Friday, July 16, 2010

At the Soundawn – Shifting

Contrast (con’trast): justaposition of different things.

Texture (Tex’ture): the effect of the different components of a piece of music such as melody, harmony, rhythm.

Surprise (sur’prise): to make somebody amazed.


Three words, each familiar to us.  Three words that best sum up my emotions and feelings after bathing in this stunning post-rock, hardcore-ambient, progressive metal masterwork.  I’m sure I could find more words, but I'll let these three suffice.

Italian prog masters, At the Soundawn, have created an album of dramatic and powerful emotional resonance.  Growling hardcore one moment, deeply introspective and meditative the next.  Brutally heavy and diaphanous and delicate.  Urgent and languid.  Ugly and beautiful.  Song by song, moment by moment.  Shifting is epic songwriting and performance at their peak. The album reminds me of the ocean, calm and meditative one moment, violent and deadly the next. Like the ocean, Shifting follows certain patterns and movements, but always with the suspense of the unexpected.

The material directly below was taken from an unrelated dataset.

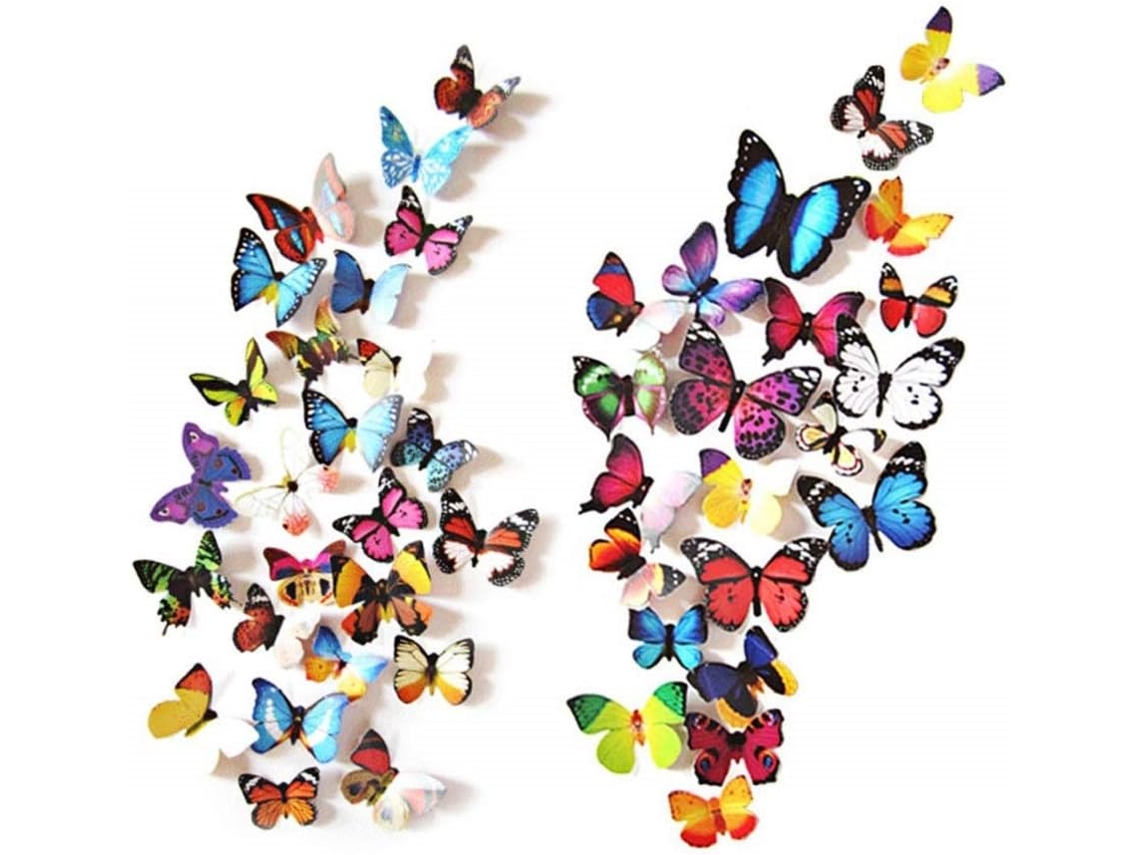 80 piezas de adhesivos de mariposas 3D, decoración para habitación o sala Kofihety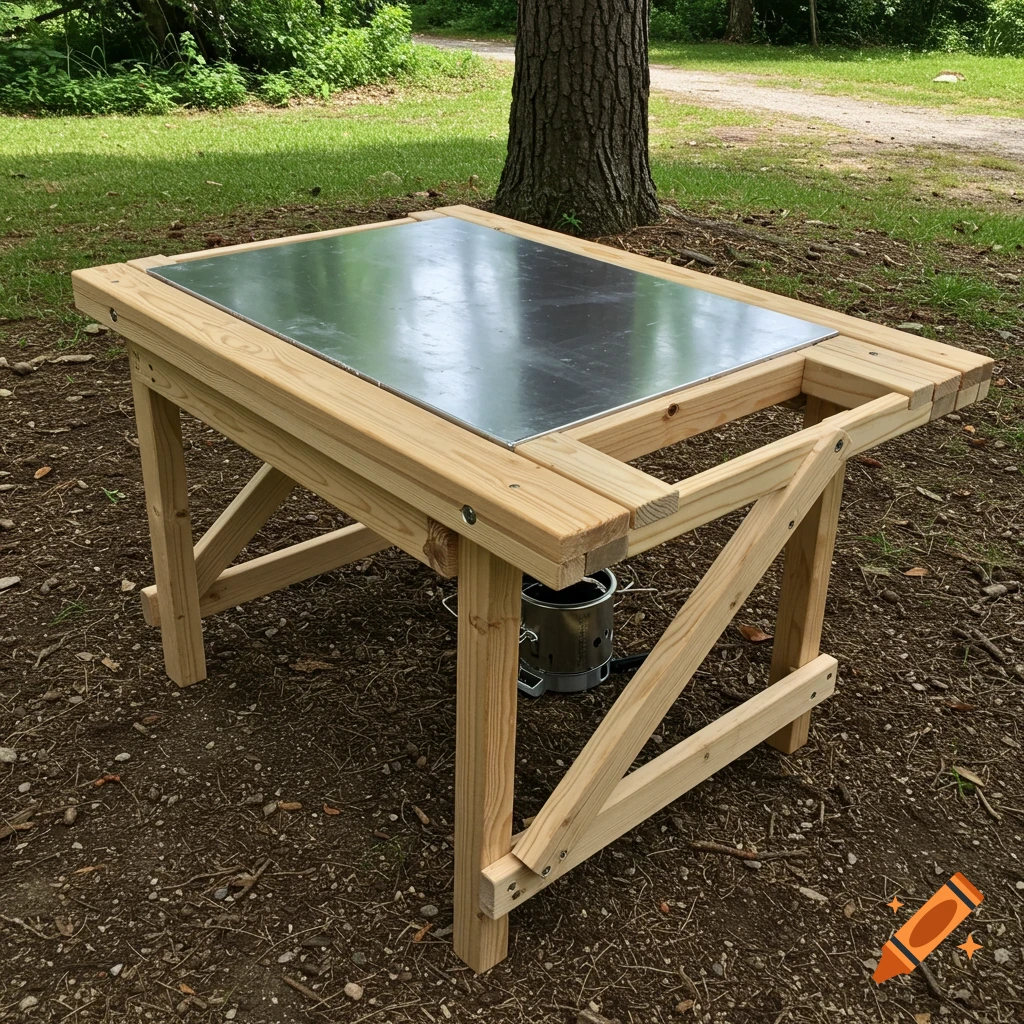 A wooden table with a metal surface stands outdoors near a tree.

To be honest, I didn’t expect to like this album (hence the “surprise”).  I remember it vividly.  I was in the Drive-thru line of some random fast food chain waiting for a burger when I popped this disc into my player.  After about 50 seconds of quasi-epic intro, the vocals exploded through my speakers.  And I do mean exploded--terrorizing me in the type of screamo assault that usually give me warts.  People who know me know that I can deal with anger, passion, and violence in my singing, I just don’t like being yelled at.  By the 1:40 minute mark, I was ready to turn the CD off, but wouldn’t you know it, fate intervened.  Before I could reach for the stop button, the attendant’s electronic voice squeaked through the speaker system to take my order.  Distracted, I got my burger all taken care of and moved my car forward to wait to pay.  It was then that I suddenly took notice of the music.

What had started out as an aural attack on my sensibilities had suddenly transformed into something remarkable.  Gentle jazzy bass looped underneath the atmospheric guitar, gorgeously clean yet still emotive vocals called to me, and on top of all this layered the most amazing trumpet I’d heard in ages.  Avant-jazz metal?  Suddenly, At the Soundawn had my attention and never lost it again.

In contrast to this middle passage of “Mudra: In Acceptance and Regret,” the beginning suddenly made sense.  Contrast and texture.  Anger and penance.  Tension and release.  And so the song went all the way to the extended neo-ambient ending. 

Combining the intensity and pure heaviness of an ear-slayer like Isis, with the ambient textures of Explosions in the Sky, the melodic beauty of Porcupine Tree, the fury and vision of Opeth, and a touch of Pink Floyd, At the Soundawn are a surprise in the making.  Contrast.  Texture.

“Black Waves” roars back in full screamo fury.  Bass lines play out a passion play of melancholy.  Drums and cymbals crash with the thunder of loss and regret.  But not for long, as with so many of At the Soundawn’s compositions, the only constant is change.  Halfway through-- the metal drops out.  Disembodied sighs cascade over the tint of cymbals and the ambiance of keys.  Toms kick in, like a pre-tribal ceremony, hearkening a coming hunt or kill.  By the time the quasi-classical melody vocals kicked in, I was mesmerized.

“Caofedian,” reverses the formula. From it’s atmospheric beginning, it slowly builds in power and intent as the song progresses.  The song reminds me of a metaphor for the day; opening slowly as the sun rises, the first rays of dawn slicing through the morning clouds.  Light sparkles and shimmers in the textured guitars, the heavenly vocals.  A moment of promise and potential.  Until the 5 minute mark, when all hell breaks loose. Drums pick up in intensity, anger and directness.  Vocals that were once so soothing erupt into a maelstrom of anger and disappointment.  There’s real emotion here.  And stunning craft.

Following the tribal beat of “Drifting Lights” At the Soundawn launch into “Hades,” the most Explosions in the Sky work here, with lightning bursts of distinctive guitars.  And so it goes, the fury and the feeling.  The beauty and the brutality.  The melancholy and the madness.

Shifting isn’t an album for the timid.  It requires your participation, your intent, to fully suck the marrow from what At the Soundawn offer.  It's an album that must be taken as a whole, not a passage, a song, or even a segment.  Several listens of the album are needed to grasp the ever shifting layers and emotions.  But it’s worth it.  My Ripple brethren would probably place At the Soundawn next to bands like Les Descrets in their overall scope of dark and brooding atmospheric metal. 

I’ll agree.  Then I’ll hit the play button and do it all over again.